* [Exercise materials]:

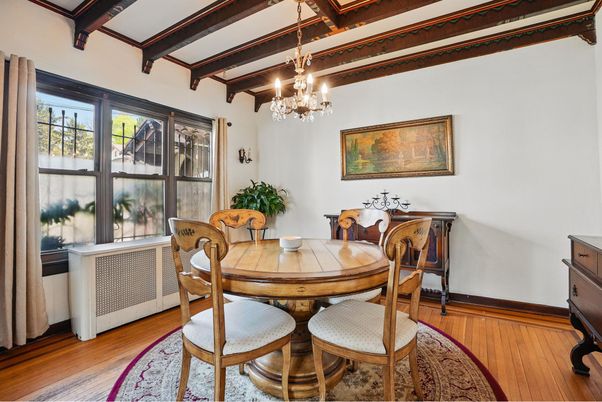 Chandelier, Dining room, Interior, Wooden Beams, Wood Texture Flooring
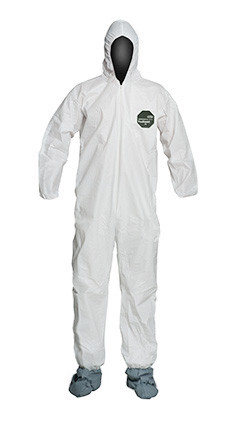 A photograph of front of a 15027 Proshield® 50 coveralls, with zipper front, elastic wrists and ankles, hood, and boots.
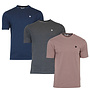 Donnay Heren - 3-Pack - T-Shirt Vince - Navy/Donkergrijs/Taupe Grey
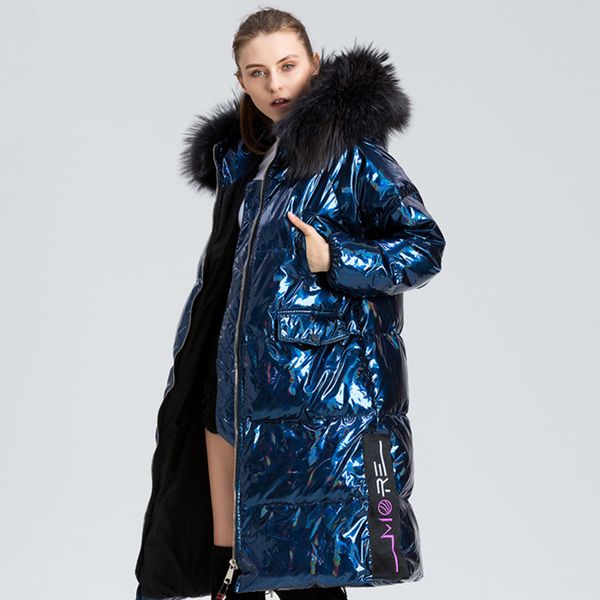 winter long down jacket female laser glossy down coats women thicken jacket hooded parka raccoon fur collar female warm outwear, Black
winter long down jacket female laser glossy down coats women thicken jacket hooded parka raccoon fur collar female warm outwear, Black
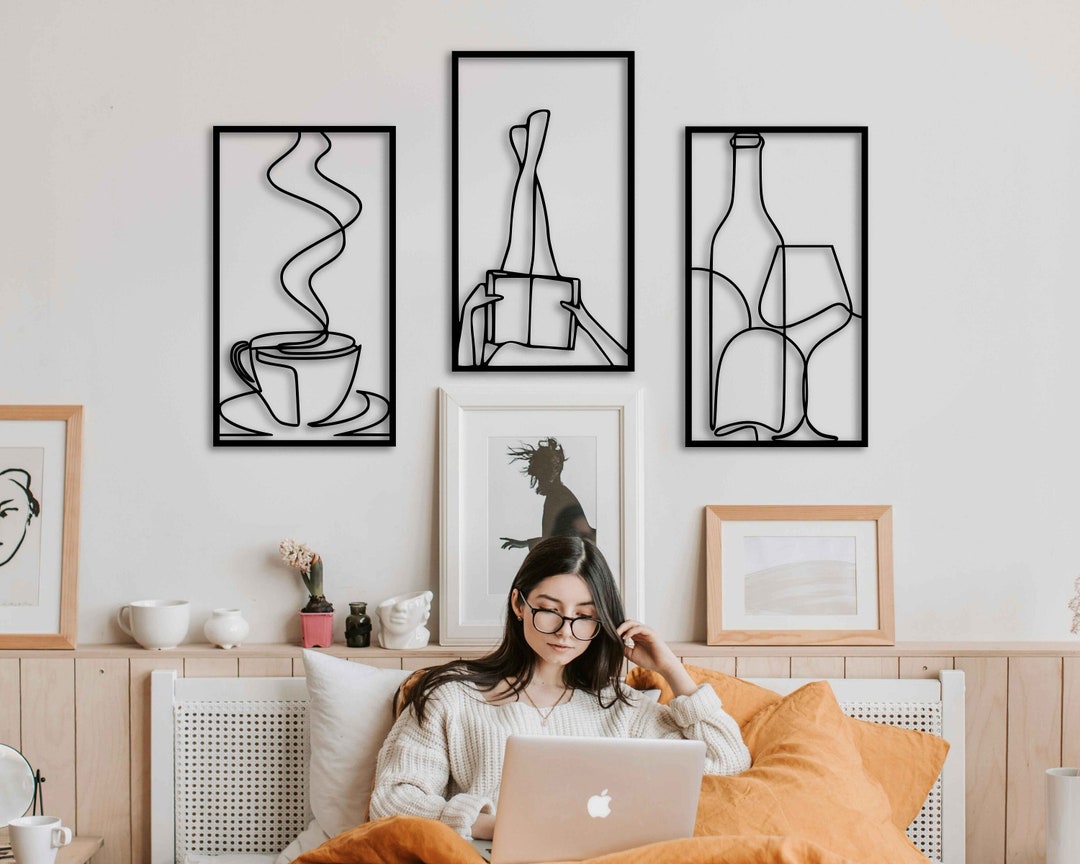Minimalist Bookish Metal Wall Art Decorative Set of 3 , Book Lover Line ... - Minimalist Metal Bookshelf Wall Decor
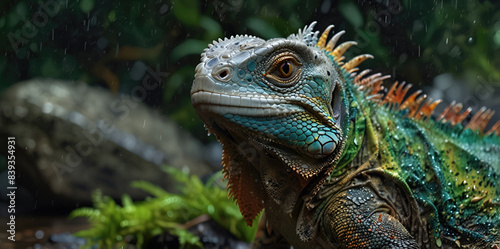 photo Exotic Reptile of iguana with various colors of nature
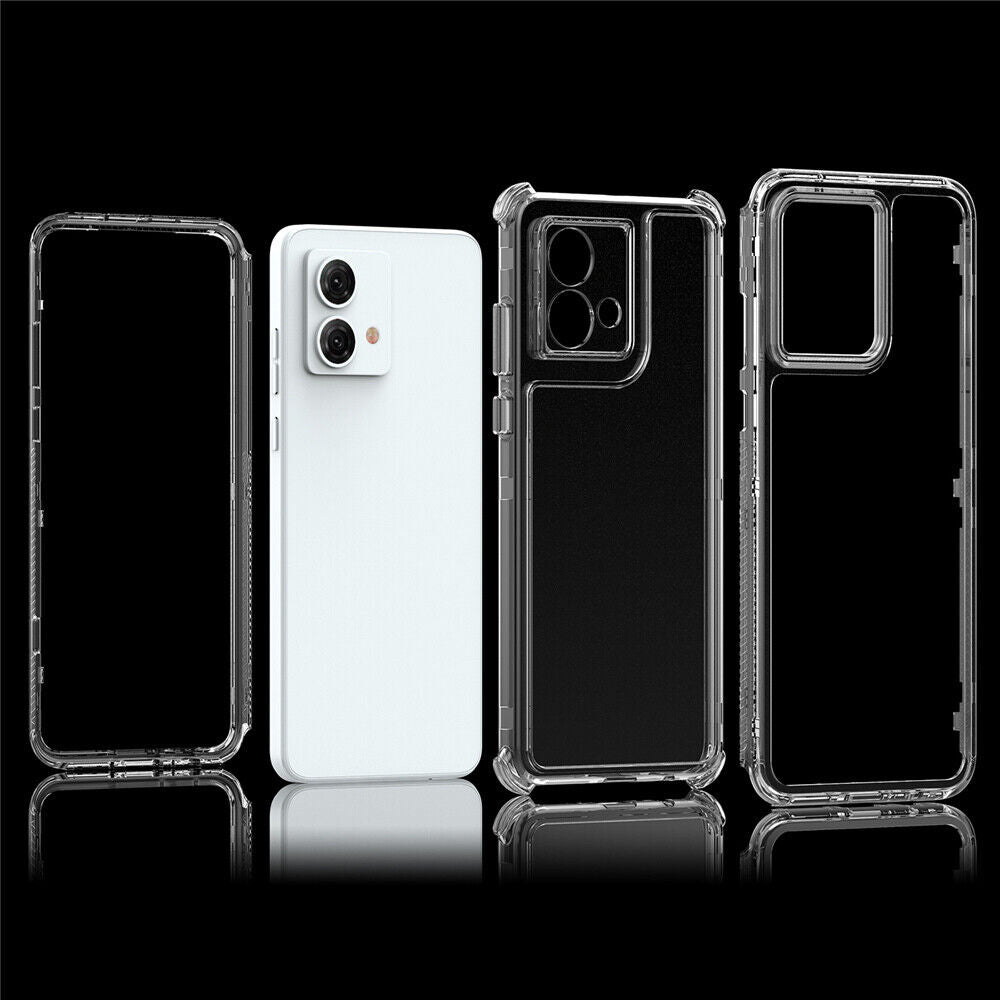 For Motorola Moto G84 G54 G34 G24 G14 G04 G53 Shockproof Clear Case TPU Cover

* [What the task asks]: With all pictures omitted, return exactly the lines from the one containing "Minimalist Bookish Metal" through the end of the entries above.

* [Answer box]:
Minimalist Bookish Metal Wall Art Decorative Set of 3 , Book Lover Line ... - Minimalist Metal Bookshelf Wall Decor
 photo Exotic Reptile of iguana with various colors of nature
 For Motorola Moto G84 G54 G34 G24 G14 G04 G53 Shockproof Clear Case TPU Cover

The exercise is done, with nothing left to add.